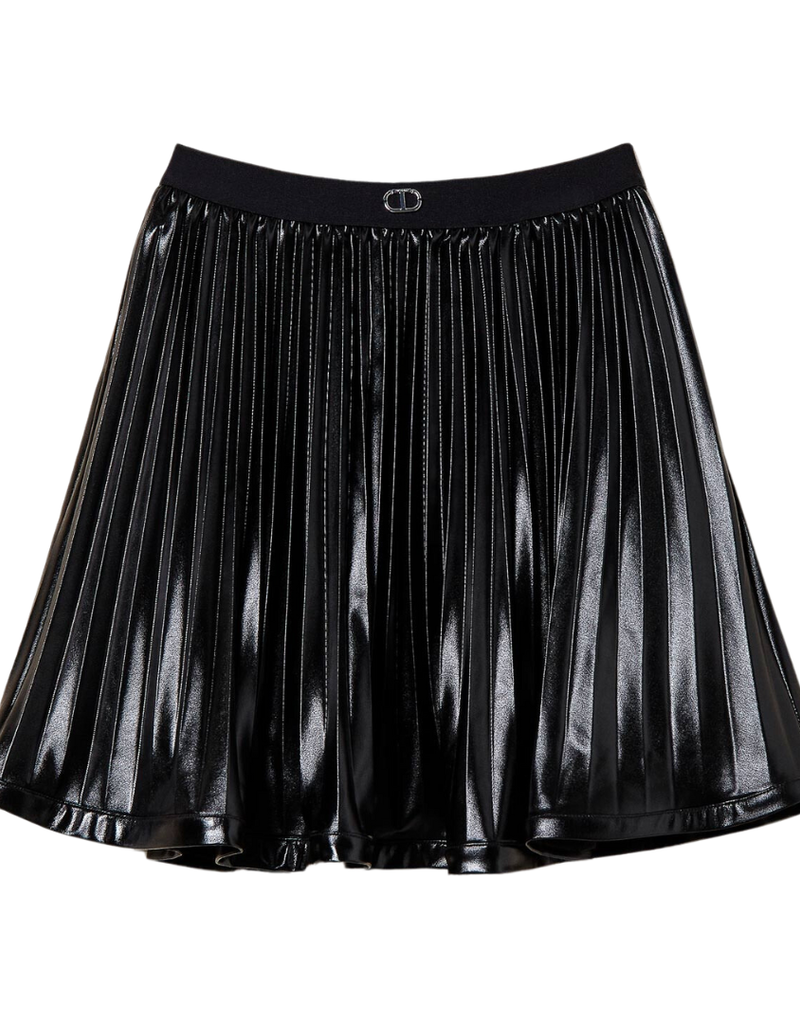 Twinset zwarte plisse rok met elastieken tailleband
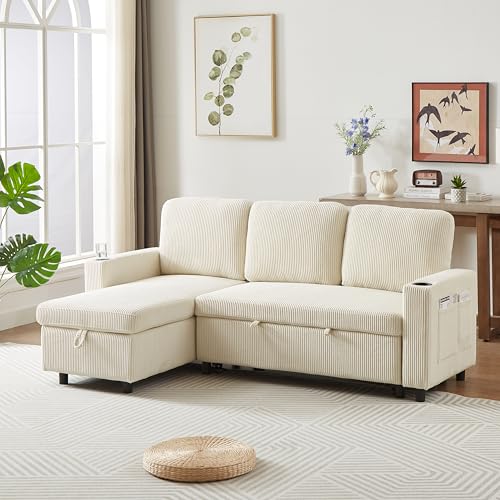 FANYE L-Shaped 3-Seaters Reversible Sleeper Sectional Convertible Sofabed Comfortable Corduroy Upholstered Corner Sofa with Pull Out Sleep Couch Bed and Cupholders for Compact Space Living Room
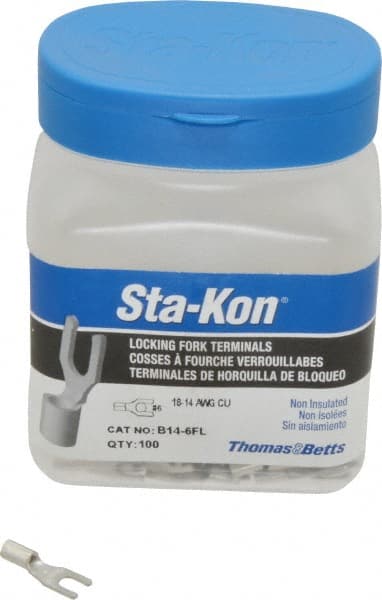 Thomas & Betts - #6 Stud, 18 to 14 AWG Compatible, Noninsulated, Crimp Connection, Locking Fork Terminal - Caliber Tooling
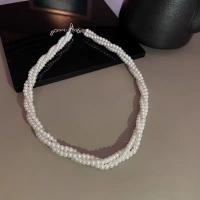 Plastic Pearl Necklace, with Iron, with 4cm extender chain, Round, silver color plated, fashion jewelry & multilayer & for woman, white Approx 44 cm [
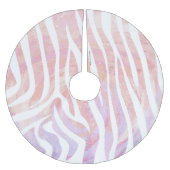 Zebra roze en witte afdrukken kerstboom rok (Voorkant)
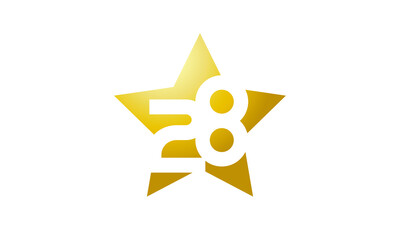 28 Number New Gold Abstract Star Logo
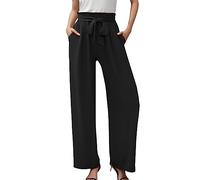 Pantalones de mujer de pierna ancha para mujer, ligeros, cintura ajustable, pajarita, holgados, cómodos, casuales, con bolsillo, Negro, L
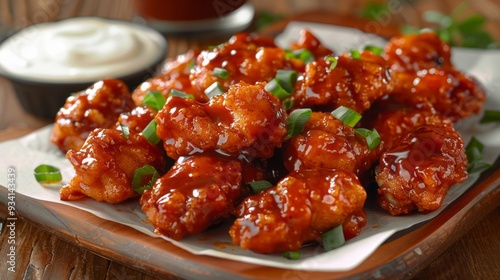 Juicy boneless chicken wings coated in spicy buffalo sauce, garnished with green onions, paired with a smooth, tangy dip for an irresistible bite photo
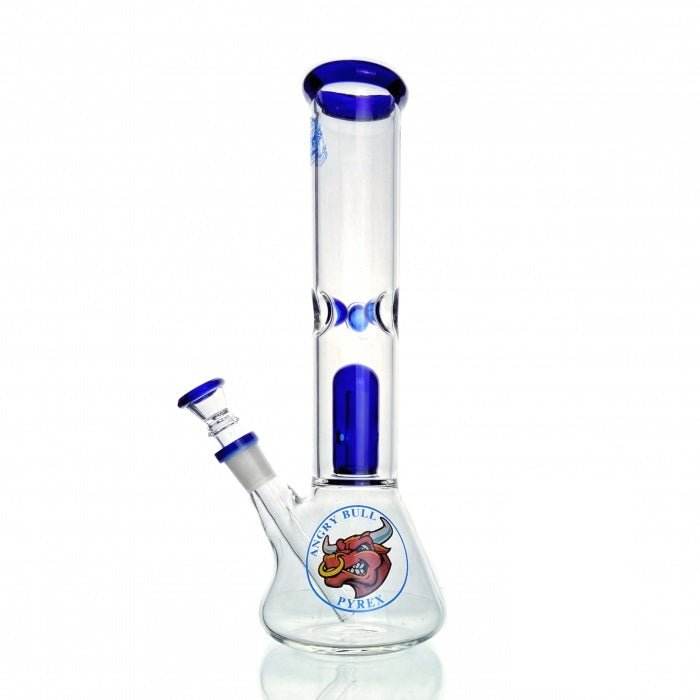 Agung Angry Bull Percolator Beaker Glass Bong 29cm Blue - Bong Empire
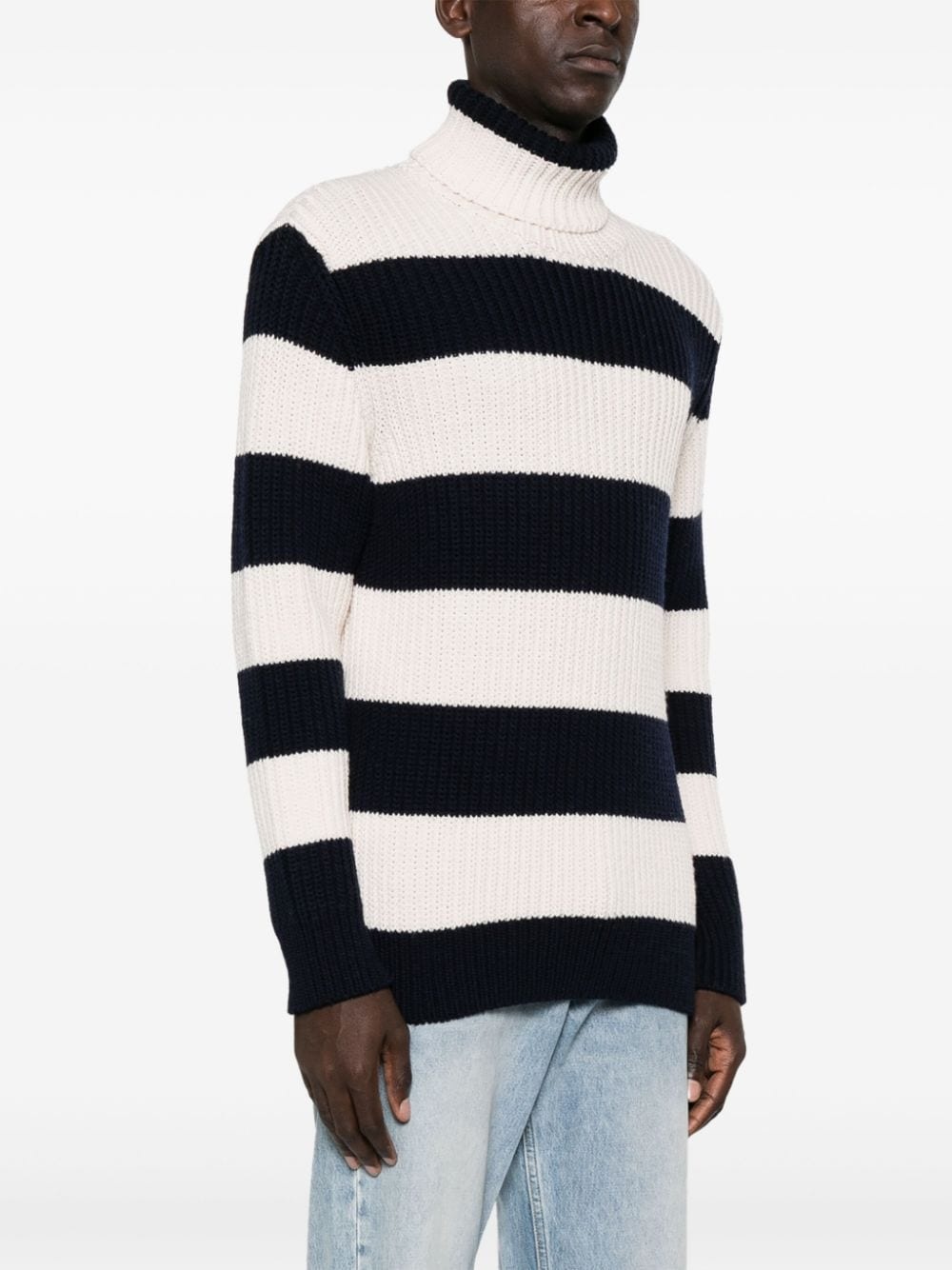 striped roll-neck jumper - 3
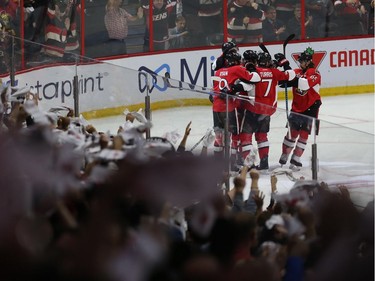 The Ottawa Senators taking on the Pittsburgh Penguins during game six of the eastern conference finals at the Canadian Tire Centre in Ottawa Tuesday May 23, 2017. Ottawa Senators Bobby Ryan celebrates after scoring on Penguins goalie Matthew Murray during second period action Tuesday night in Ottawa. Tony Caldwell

····················

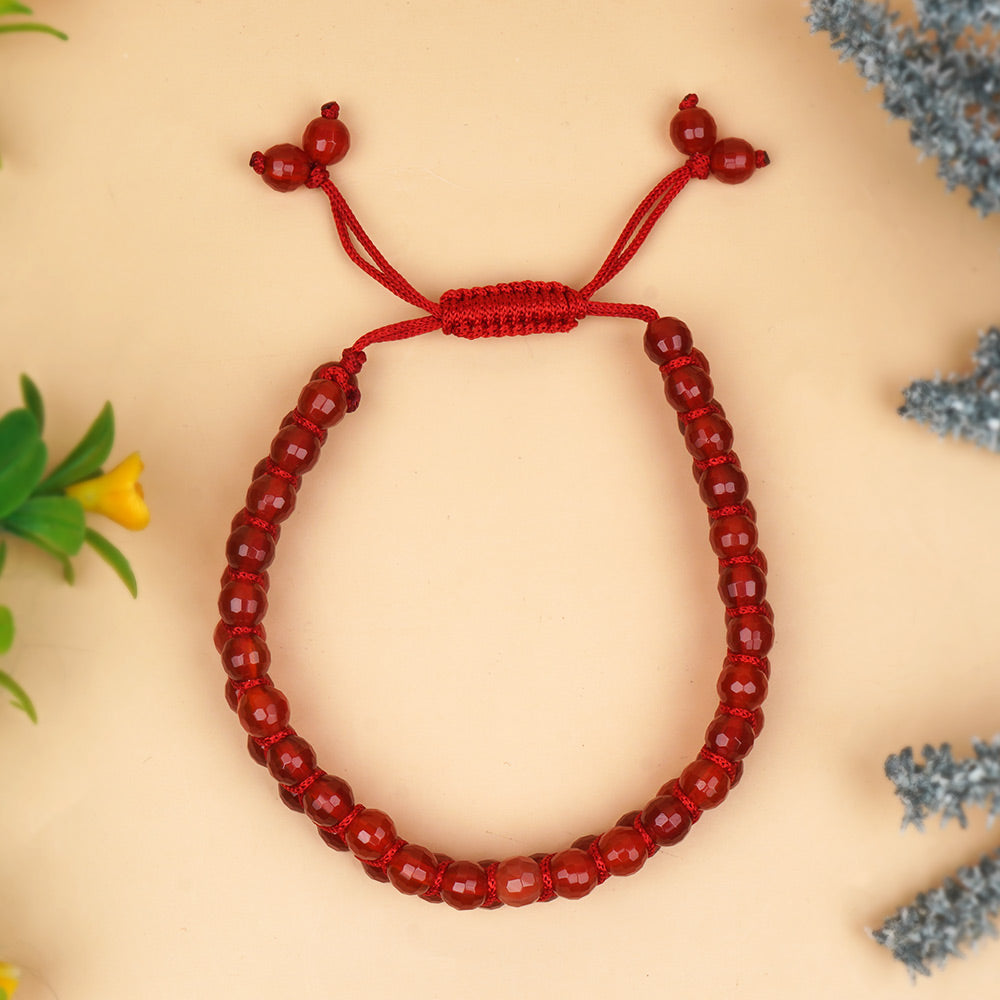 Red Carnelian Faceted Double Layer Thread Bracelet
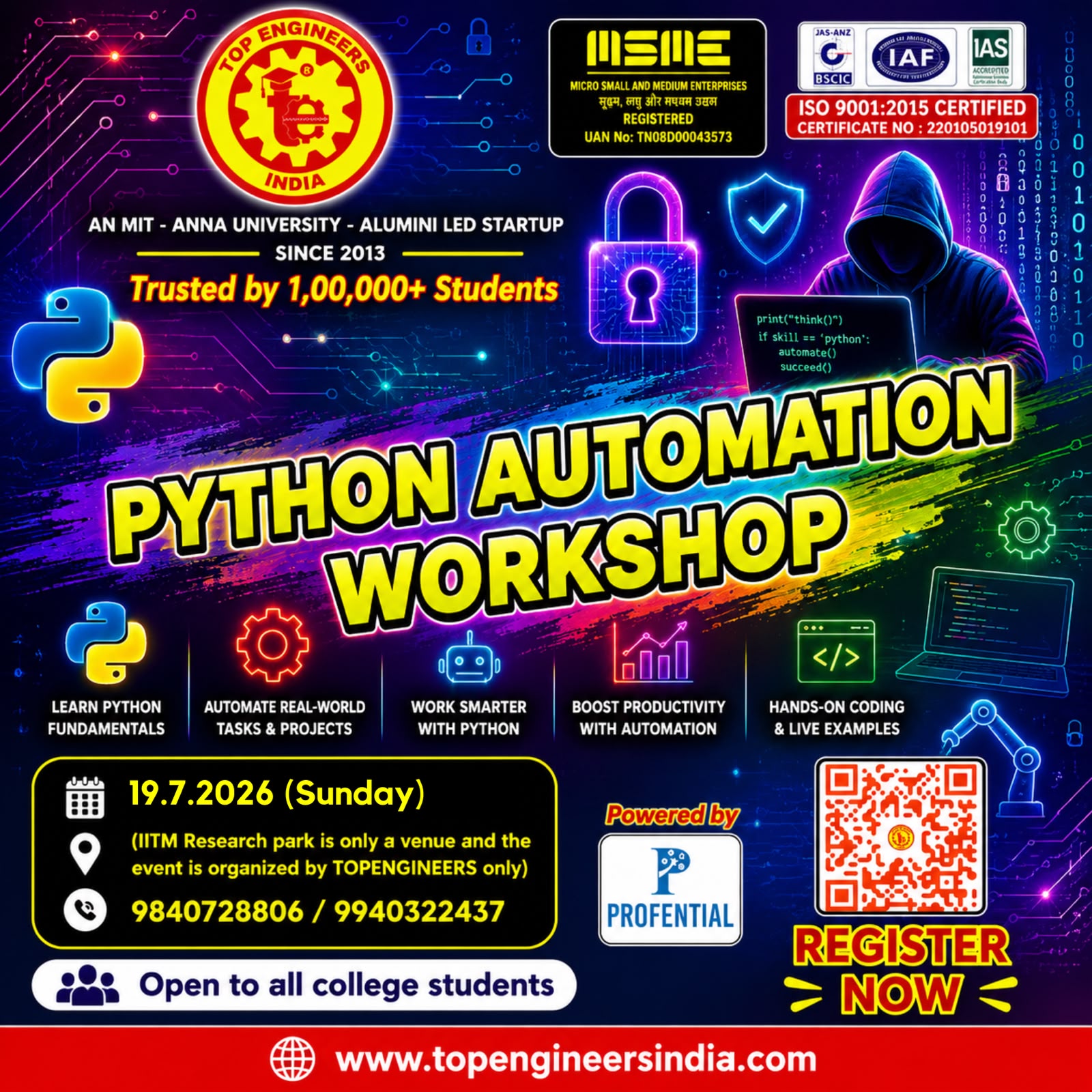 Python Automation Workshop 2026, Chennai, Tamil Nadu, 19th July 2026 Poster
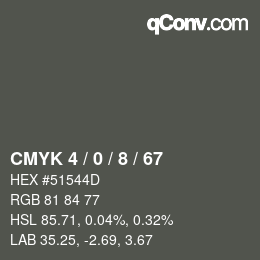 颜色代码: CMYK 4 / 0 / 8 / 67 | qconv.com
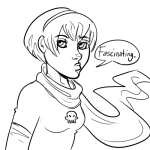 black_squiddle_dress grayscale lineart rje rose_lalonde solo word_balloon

····················

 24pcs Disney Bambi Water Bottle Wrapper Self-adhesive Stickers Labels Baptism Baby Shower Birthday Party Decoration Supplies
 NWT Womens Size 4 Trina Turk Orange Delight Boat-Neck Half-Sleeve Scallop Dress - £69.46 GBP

····················

- Assignment: The lines to set down run from the line with "Juicy boneless chicken" up to and including the line with "The Ottawa Senators" in the entries above. Reproduce them exactly, with no pictures.

- Result for this task:
 Juicy boneless chicken wings coated in spicy buffalo sauce, garnished with green onions, paired with a smooth, tangy dip for an irresistible bite photo
 Agung Angry Bull Percolator Beaker Glass Bong 29cm Blue - Bong Empire
 striped roll-neck jumper - 3
 The Ottawa Senators taking on the Pittsburgh Penguins during game six of the eastern conference finals at the Canadian Tire Centre in Ottawa Tuesday May 23, 2017. Ottawa Senators Bobby Ryan celebrates after scoring on Penguins goalie Matthew Murray during second period action Tuesday night in Ottawa. Tony Caldwell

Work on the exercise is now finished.